**The task:** Copy every line of the data exactly, keeping out any picture.

**Supplied material:**

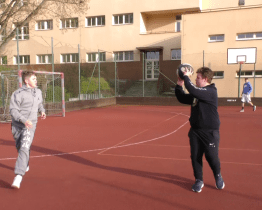 Kyjovští basketbalisté trénují u školy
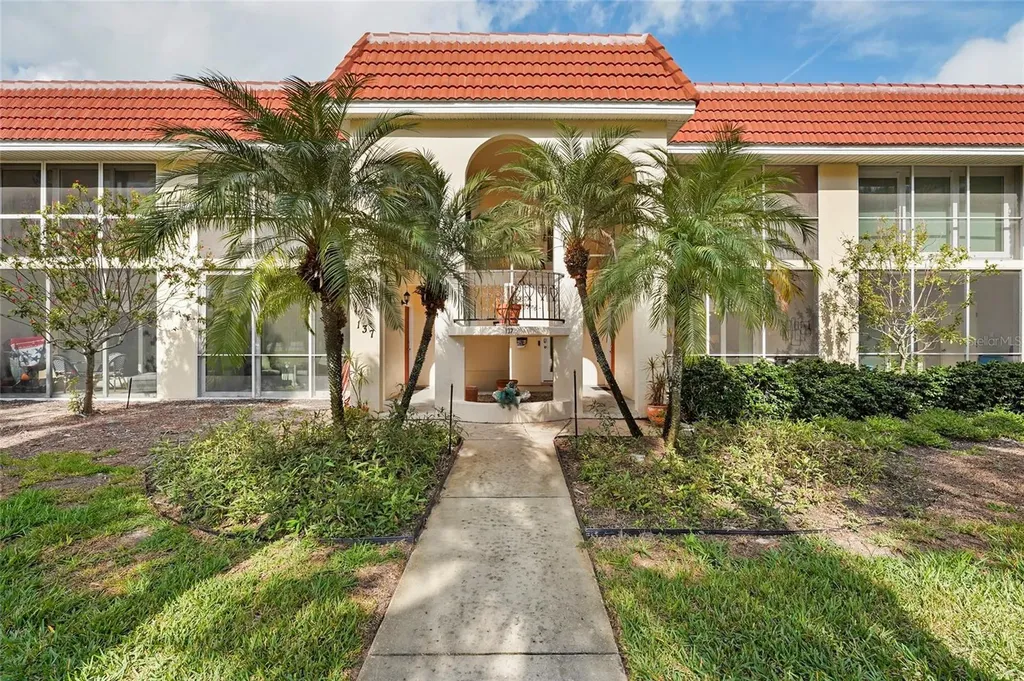 137 Avenida Messina Sarasota FL 34242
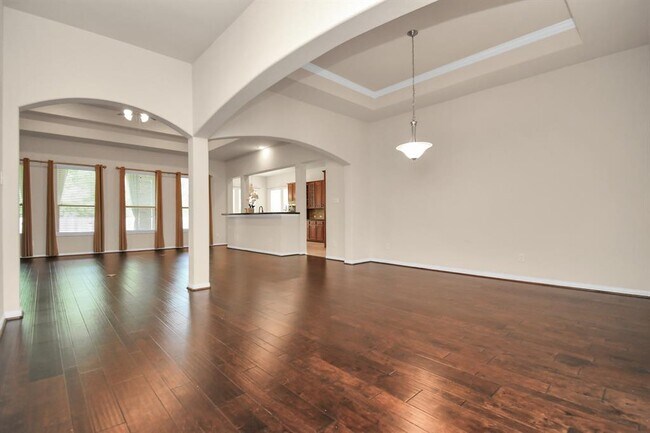 Building Photo - 1122 Boxwood Dr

**Output:**
 Kyjovští basketbalisté trénují u školy
 137 Avenida Messina Sarasota FL 34242
 Building Photo - 1122 Boxwood Dr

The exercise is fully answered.